先ほど申し上げたような、例えばそういった安全協力会や、一人親方も加入が可能な地域の労働組合など、何かそういったものを幾つか利用しながら、それをある意味受け皿のような形にして、事業者がどの団体にも入らずに、勝手に仕事をしているということがなるべくないような形に、何とかすることができれば、全般的にいわゆるアウトロー的な問題というものもなくなるのではないかなと感じました。以上です。
○土橋座長 ありがとうございます。田久委員、お願いいたします。
○田久参集者 すみません。時間がないところ、申し訳ないです。メンタルヘルスの関係と過重労働の関係も含めると、先ほど山脇委員も言われたように、収入ベースというものがかなり大きなウエイトを占めているということが、私たちの仲間の中からの声です。
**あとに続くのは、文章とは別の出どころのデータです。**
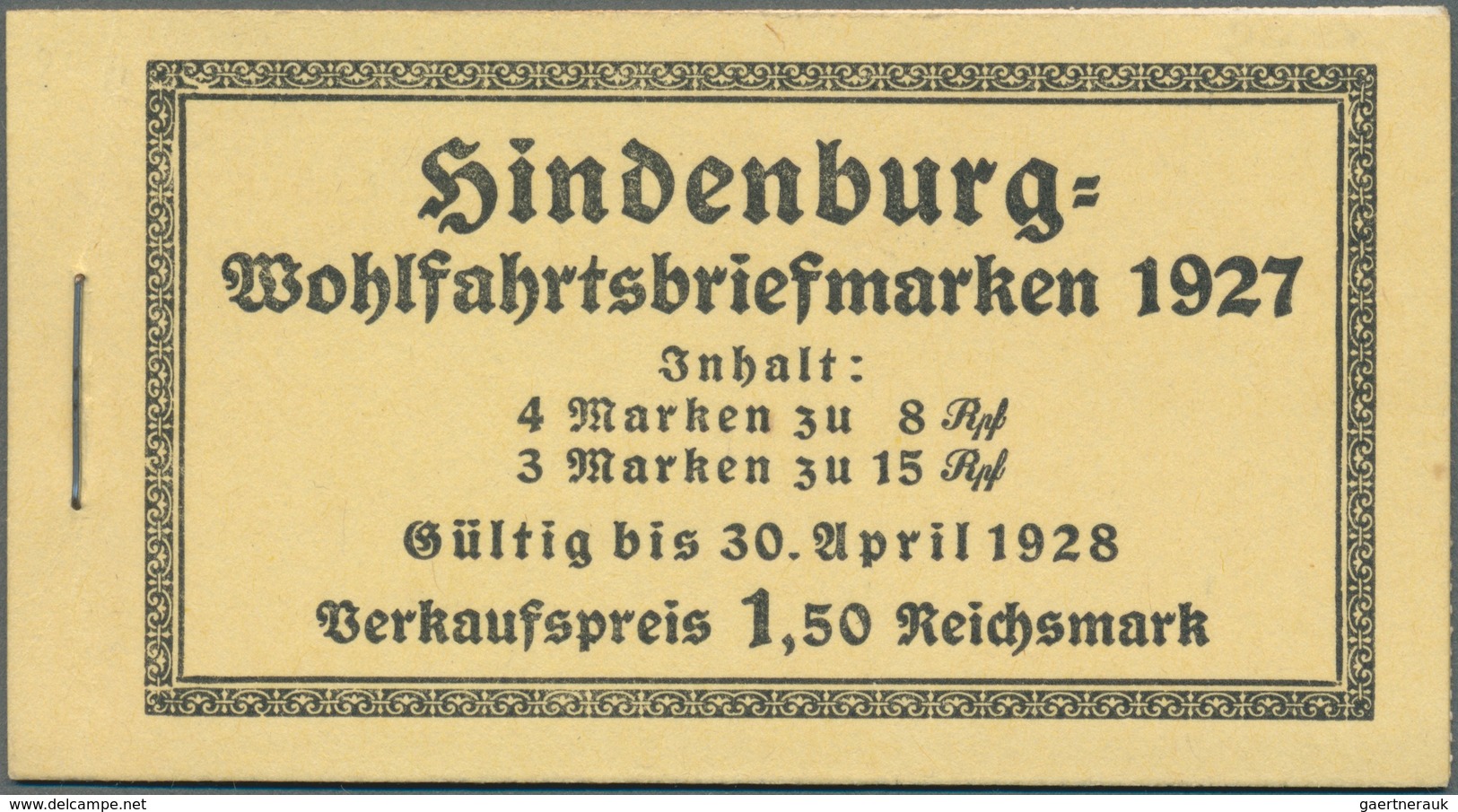 Deutsches Reich - Markenheftchen: 1927, 1,50 M. Hindenburgspende-Markenheftchen Mit Dicken Deckelsei - Markenheftchen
働き方改革を進めている中でも、週休2日になっても俺はまた違うところで土曜日働くなど、こういうことが平気で言われてきているというところで、やはり賃金単価の上昇、いわゆる収入を上げていく、生活水準を上げる、こういうことによって、先ほど言った働き過ぎを防ぐということにつながるかなと、若しくは先ほど言った安全経費などもきちんともらえるような体制というのは、やはりきちっと考えないと、この労働安全衛生の問題としてはなかなか解決できないかなと。今、建設では国交省等も含めて、厚労省さんもオブザーバーで参加をしていると思いますが、安全経費の関係での確認表を作ったりしていて、その元請、下請、又はそういったところの中での安全経費とは何かということを、きちっと今、整理もし始めてきているというところでもありますから、やはりそういったところは業界を含めたところがきっちりやるべき問題かなとも思っています。ですから、その点では、関係省庁が決まっていない、先ほどITフリーランスの方が言っていましたが、これを機にそういったところをきちっと固めていくことも重要ではないかなとも思っています。
やはり賃金単価が上がらないという部分が、実は5年ぐらい前ですが、山梨の組合さん、個人事業主でしたが、会社で抱えている人たちに給料を払わなくてはならないということで、単価が安いために仕事をたくさん取り過ぎて、逆に言うとそれが負担になって、メンタルヘルスになって自殺をしてしまったという事例も生まれてきているというところでは、先ほど言ったように、やはりそういったきちっとした窓口の体制も、このメンタルヘルスの中でもきちっと位置付けていかないといけないのかなと。やはり事業主の方というのは、どこかのアンケートで出ていましたが、金銭面などのほうでの悩みということですから、一人親方とはちょっと違うのかなと、フリーランスの一人でやっている人たちとはちょっと違うなということがあるので、そういった点も整理しながら検討が必要かなと思っています。ただ、働き過ぎというところでは、そのとおりだなと思うので、是非、この部分を議論しながら、そういったところをきちっと整理していただければなと、改めて感じているところでもあります。以上です。
○土橋座長 ありがとうございました。よろしいでしょうか。続いて、論点2にまいります。論点2は、本日の資料2です。資料2を基に御議論いただきたいと思います。御発言ございますか。三柴委員、発言を御希望でしょうか。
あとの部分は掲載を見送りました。